Installment Loans for Bad Credit Borrowers — CFPB Regulations May Soon Eliminate Them

The Consumer Financial Protection Bureau, commonly called the CFPB, is a federal agency that was created under the authority of the Dodd-Frank Act. The CFPB’s jurisdiction includes credit unions, debt collectors, banks, securities firms and even payday lenders. Since its inception, the CFPB has been especially critical of lenders offering credit products to subprime borrowers, and the agency’s pending regulations may eliminate installment loans for bad credit borrowers.

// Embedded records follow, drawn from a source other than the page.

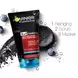 Garnier PureActive 3-in-1 Gezichtsreiniger Charcoal 150 ML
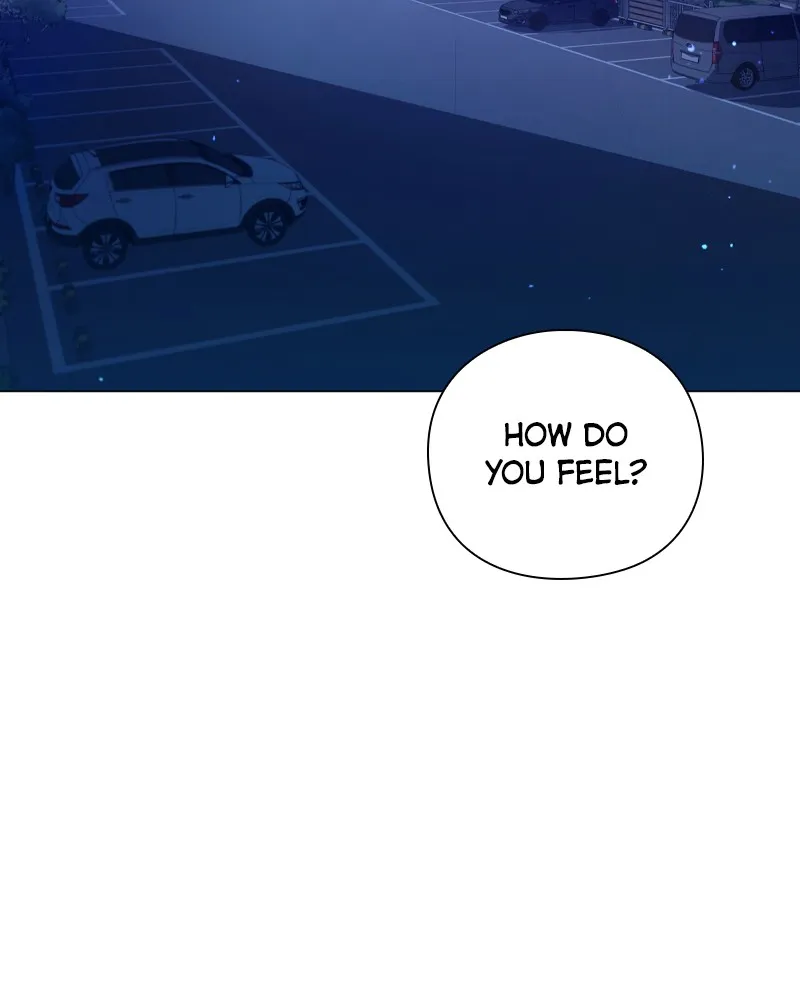 Night of the Goblin Chapter 10 page 25 - 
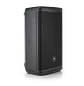Caja Activa JBL EON715 15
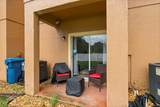 550 Calabria Avenue - Photo 27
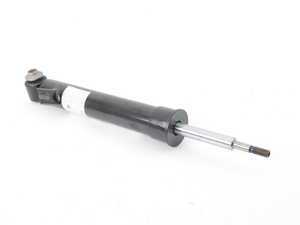 ES#58557 - 33526781926 - E70 X5 Shock Absorber - Genuine BMW - BMW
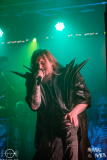 Orden-Ogan-The-Tour-of-Fear-Geiselwind-16-02-2025-OO1_8048-Verbessert-RR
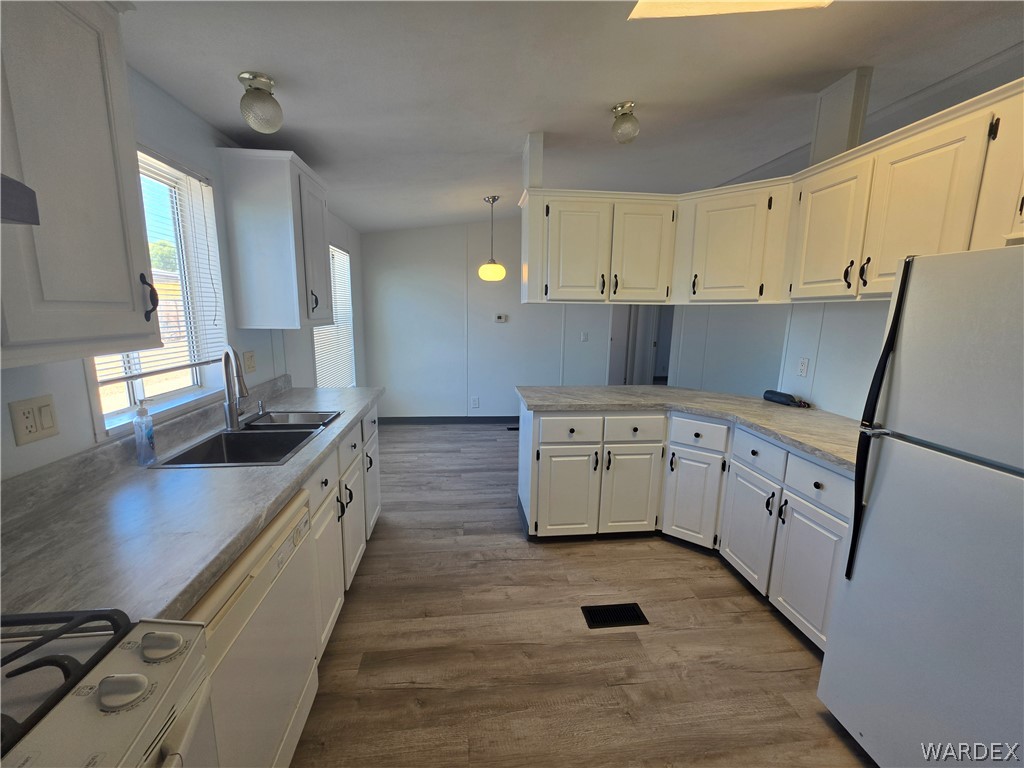 2541 Morgan Road Fort Mohave, AZ 86426 - Photo 6 of 20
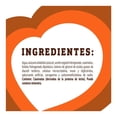 thumbnail image 3 of Cremador para café Coffee Mate líquido sabor caramelo 530 g, 3 of 4
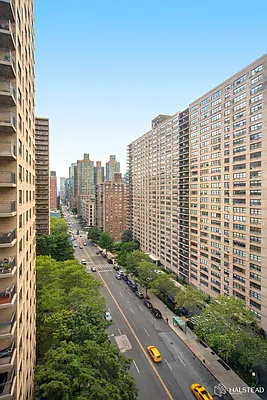 Sold by Halstead Real Estate | media 12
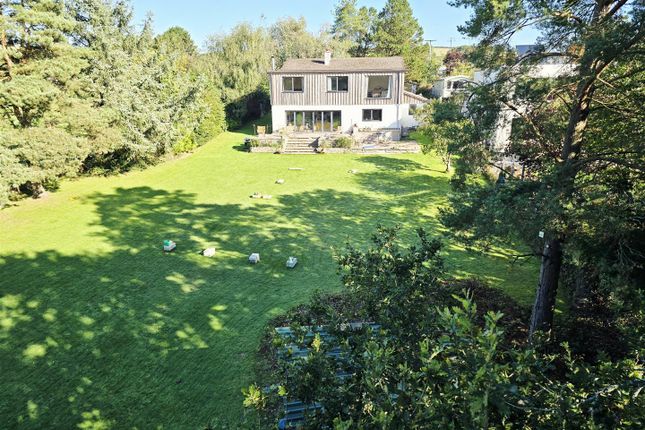 Yeolmbridge, Launceston 5 bed house for sale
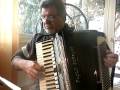 videos de dolce melodia  valzer akkordeon liscio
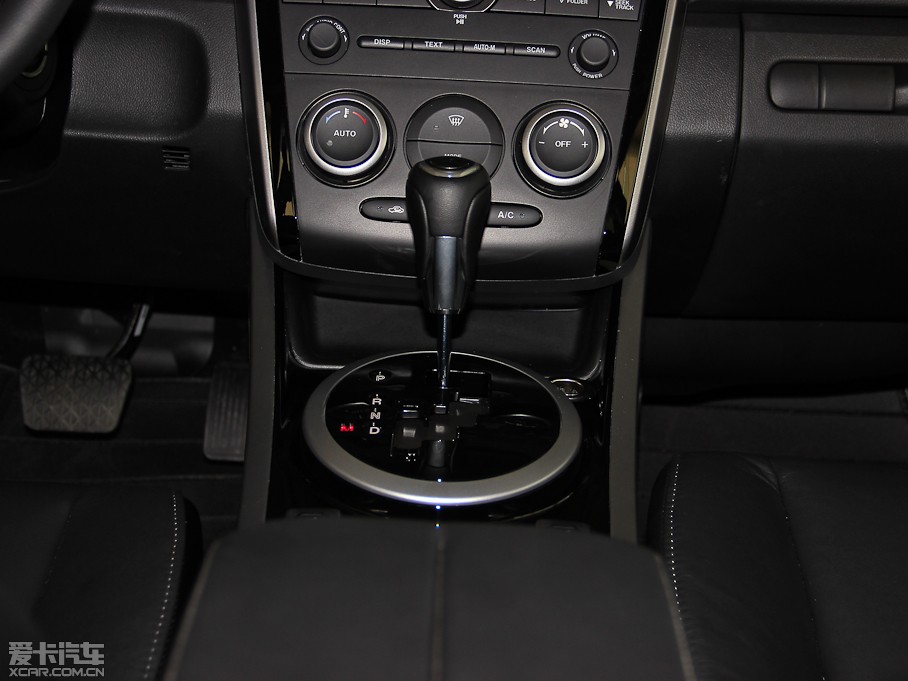 2014R_CX-7 2.5L (q)A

Why the CFPB Regulations Are Likely to Eliminate Installment Loans for Bad Credit Borrowers

An installment loan is simply a loan that is repaid over a period of months or years with each monthly payment being the same amount. Installment loans may be secured by tangible property that the lender may claim if the borrower defaults; mortgages and loans to purchase vehicles are examples of collateralized installment loans.

However, the CFPB regulations are primarily targeting unsecured installment loans for relatively small amounts. With an unsecured loan, the lender has little more than the borrower’s word that payments will be made on time and that the loan will be repaid in full. These are the types of installment loans for bad credit that may soon become unavailable.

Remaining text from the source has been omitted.